Inilah salah satu keutamaan yang Allah berikan kepada Ahlus Sunnah, ketika mereka tidak lupa dan tidak lalai untuk mendoakan kebaikan bagi para pendahulunya. Sebagaimana kita diajarkan untuk mendoakan para sahabat agar mereka diridhai oleh Allah. Kita pun diajarkan untuk mendoakan ampunan bagi saudara-saudara kita yang telah terlebih dahulu meninggal di atas keimanan. Dan supaya Allah tidak menjadikan di dalam hati kita rasa dengki kepada kaum beriman.

Bahkan para Nabi ‘alaihimus salam adalah teladan terbesar dalam hal mendoakan kebaikan bagi umatnya, meskipun dalam kondisi mereka justru dimusuhi dan disakiti oleh umatnya. Sebagaimana dikisahkan oleh Nabi shallallahu ‘alaihi wa sallam bahwa ada seorang nabi yang dipukul oleh kaumnya sendiri hingga wajahnya berdarah kemudian nabi itu berdoa kepada Allah seraya menyeka darah yang membasahi wajahnya, “Ya Allah ampunilah kaumku, sesungguhnya mereka adalah orang-orang yang tidak mengetahui.” (HR. Bukhari dan Muslim)

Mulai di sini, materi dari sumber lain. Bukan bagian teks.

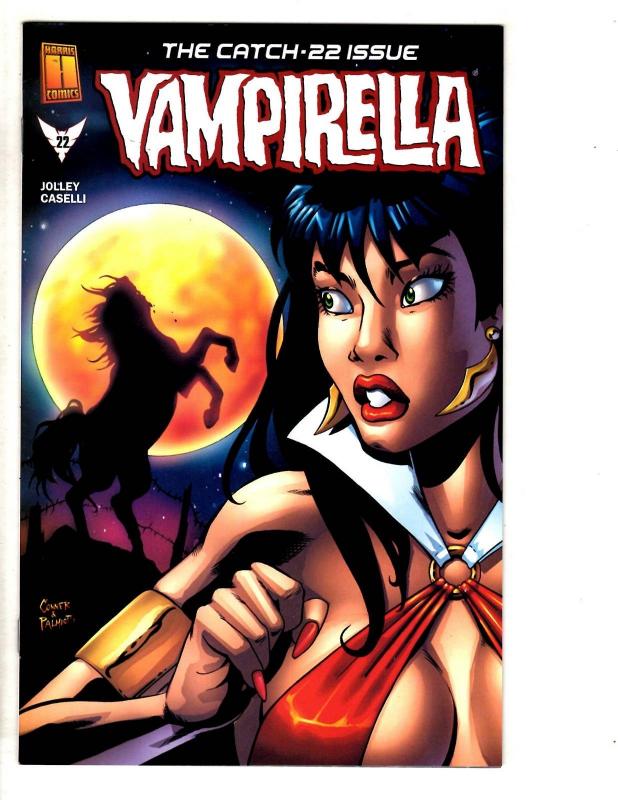 Lot Of 7 Vampirella Harris Comic Books # 19 20 (2) 21 (3) 22 Vampire Horror CR28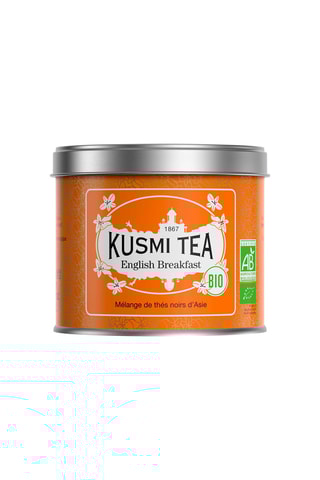 Té English Breakfast ecológico Assam y Ceylan - Lata de metal - 100 g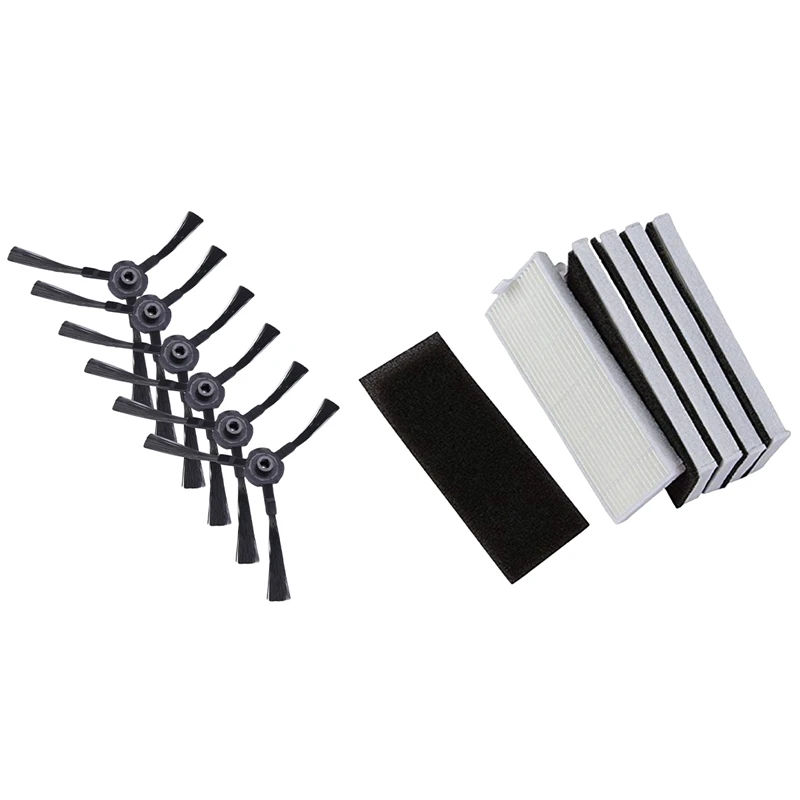 

1 Набор губчатых фильтров Hepa и 6 боковых щеток справа слева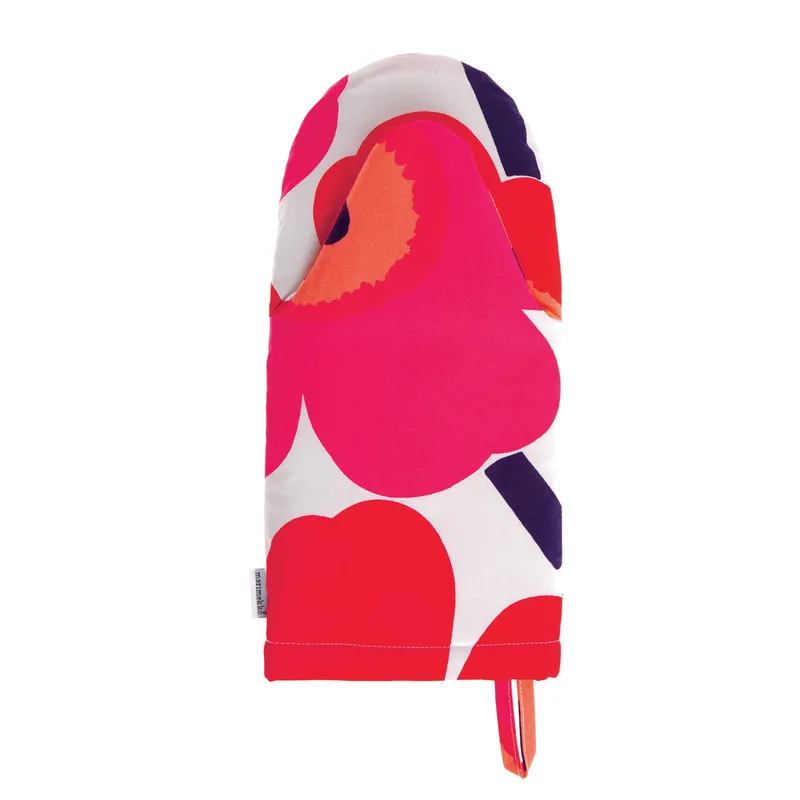 Pieni Unikko Ofenhandschuh Rot-weiß från Marimekko – produktbild
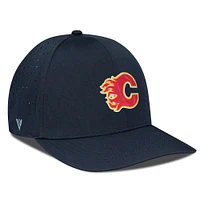 Casquette Zeta Insignia Core Flex noire pour homme des Flames de Calgary Levelwear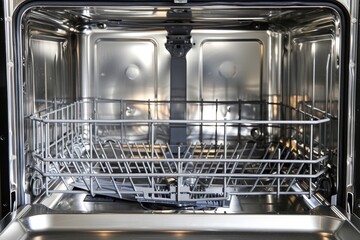 Modern dishwasher kitchen household dish washing machine professional restaurant cafe equipment consumer grade heavy load home routine clean plates cups appliances loading unloading water technology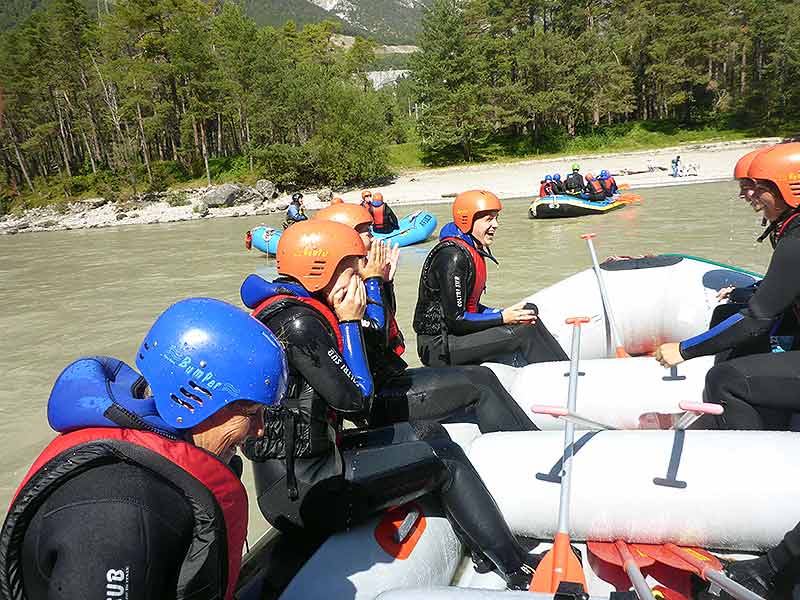 Rafting Imster Schlucht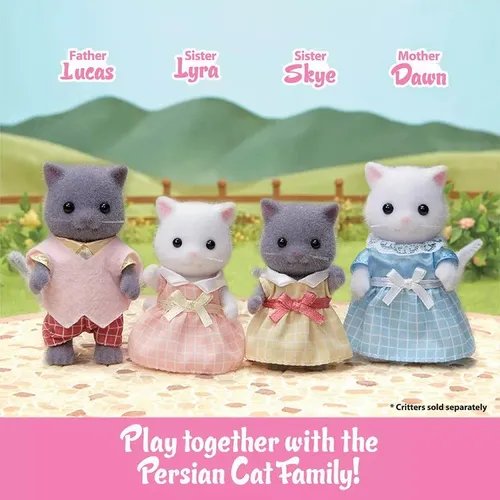 Muñecos De Gatitos Persa Trillizos R0x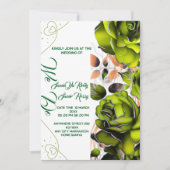 Invitation Modèle d'invitation de mariage Rose Crémeuse | Imp (Devant)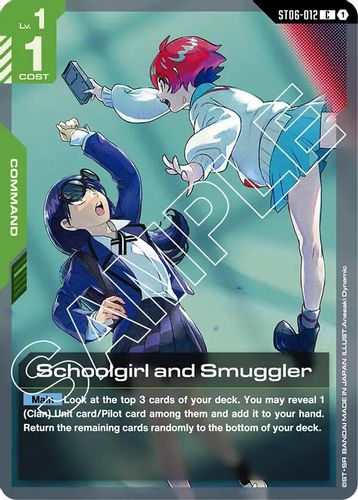 Schoolgirl and Smuggler (ST06-012) card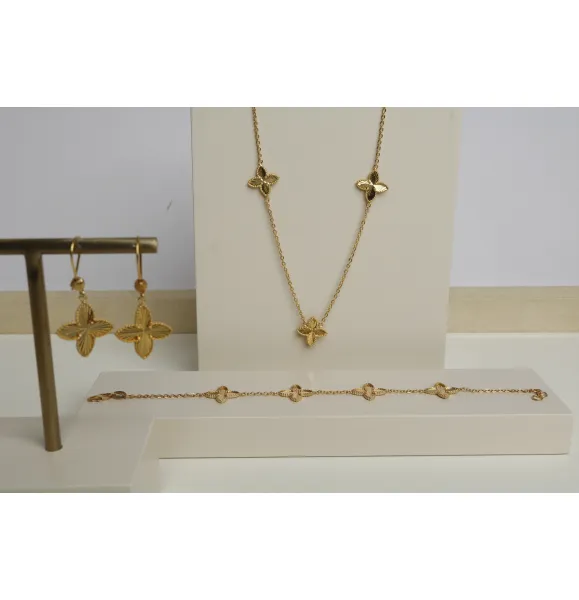 925 sterling silver plated set, made in Singapore - (J-0355)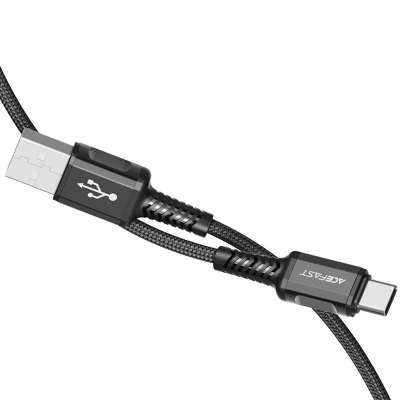 Acefast USB naar USB-C Kabel - 120 cm - Zwart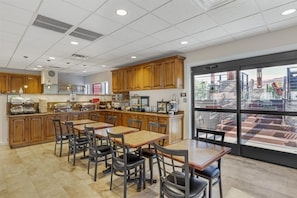 Free daily buffet breakfast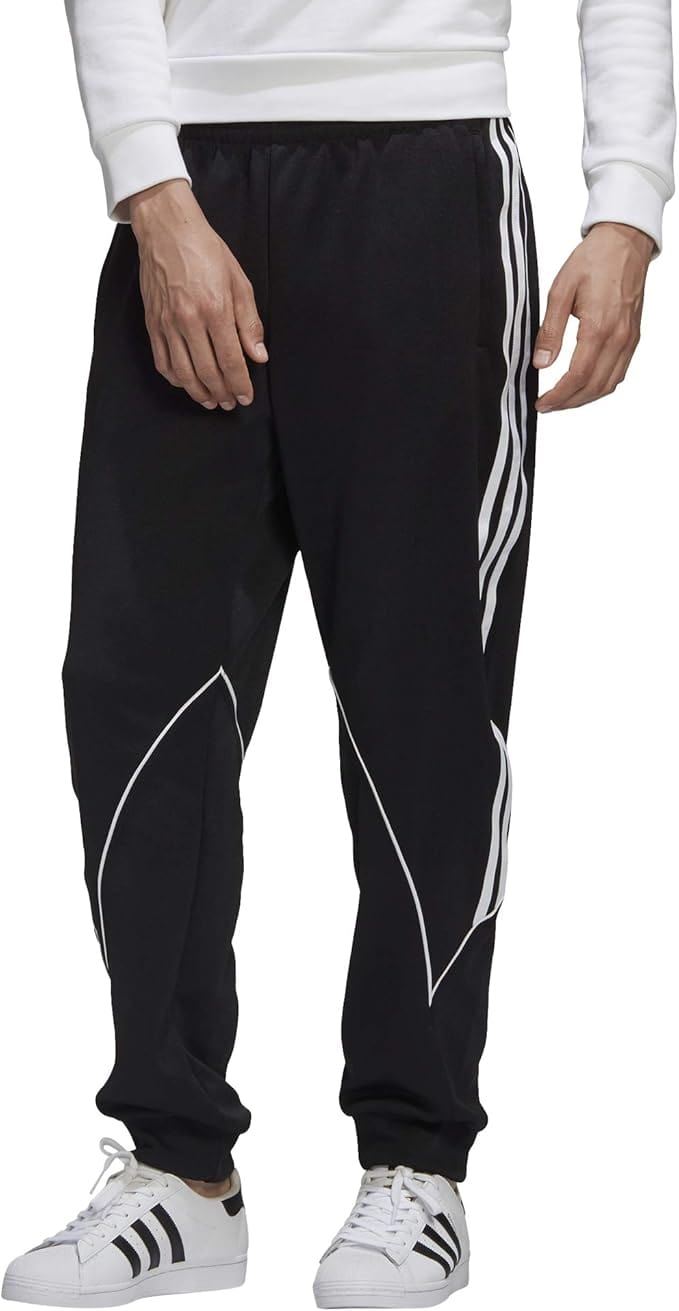 ADIDAS Mens sports M / Black ADIDAS - Blocked Polytrico Track Pant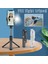 Siyah Kablosuz Selfie Çubuğu LED USB Şarjlı Selfie Çubuğu Tüm Cep Telefonları Için Selfie Modelleri Teleskopik Bluetooth Uyumlu (Yurt Dışından) 2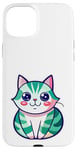 Coque pour iPhone 15 Plus Joli chat japonais, t-shirt japonais, chat manga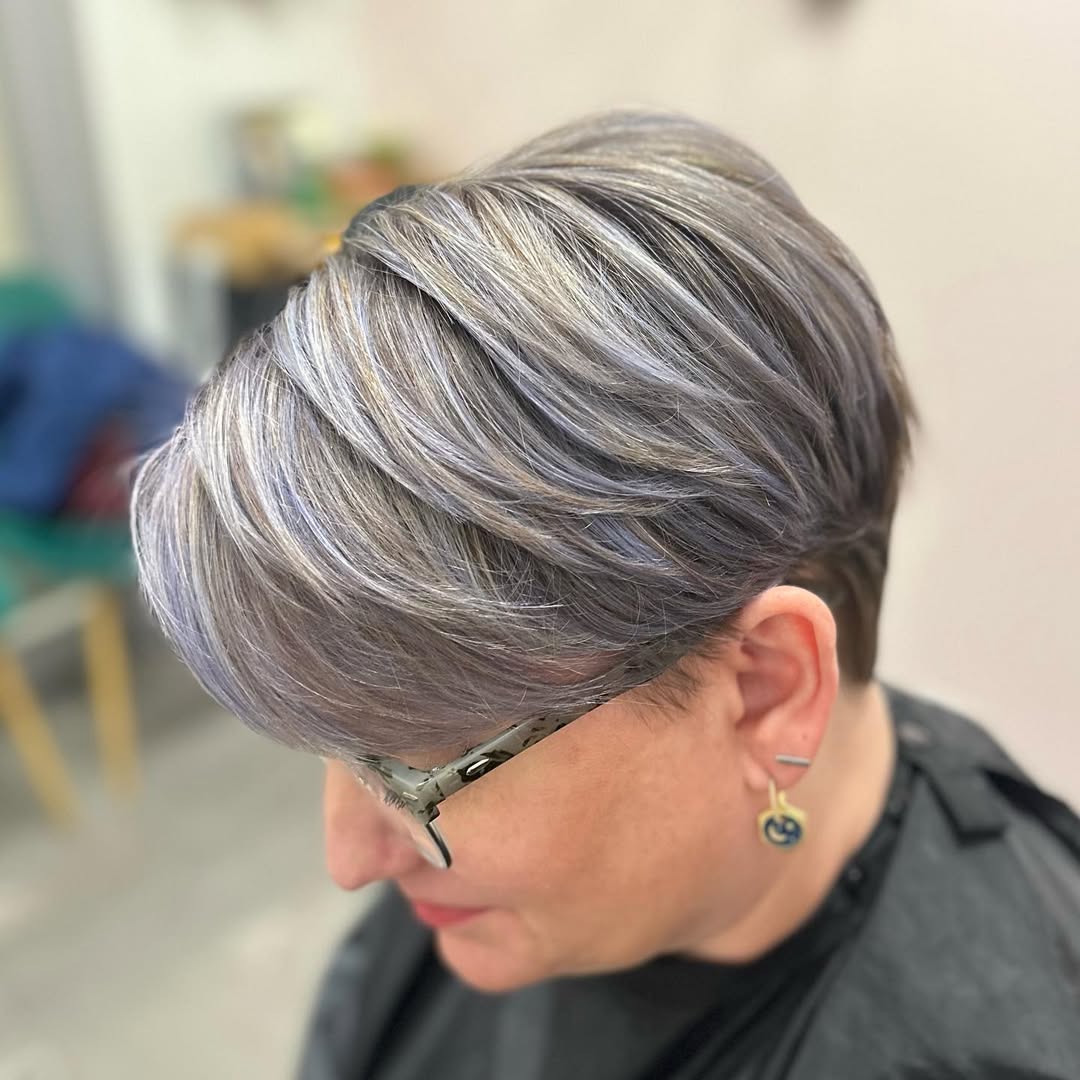 layered pixie haircut for women over 60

Inilah akhlak yang diajarkan kepada kita, wahai orang-orang yang mengaku sebagai penimba ilmu, pegiat dakwah atau pejuang kepentingan Islam dan kaum muslimin… Sungguh indah apa yang dilakukan oleh Imam Nawawi rahimahullah dalam kitabnya Riyadhus Shalihin setelah membawakan hadits di atas -yang berisi doa ampunan bagi kaum yang menyakiti- maka beliau pun membawakan hadits dari Abu Hurairah radhiyallahu’anhu, bahwa Nabi shallallahu ‘alaihi wa sallam bersabda, “Bukanlah orang yang kuat itu yang menang ketika bergulat. Akan tetapi orang yang kuat adalah yang mampu menahan emosi ketika marah.” (HR. Bukhari dan Muslim) 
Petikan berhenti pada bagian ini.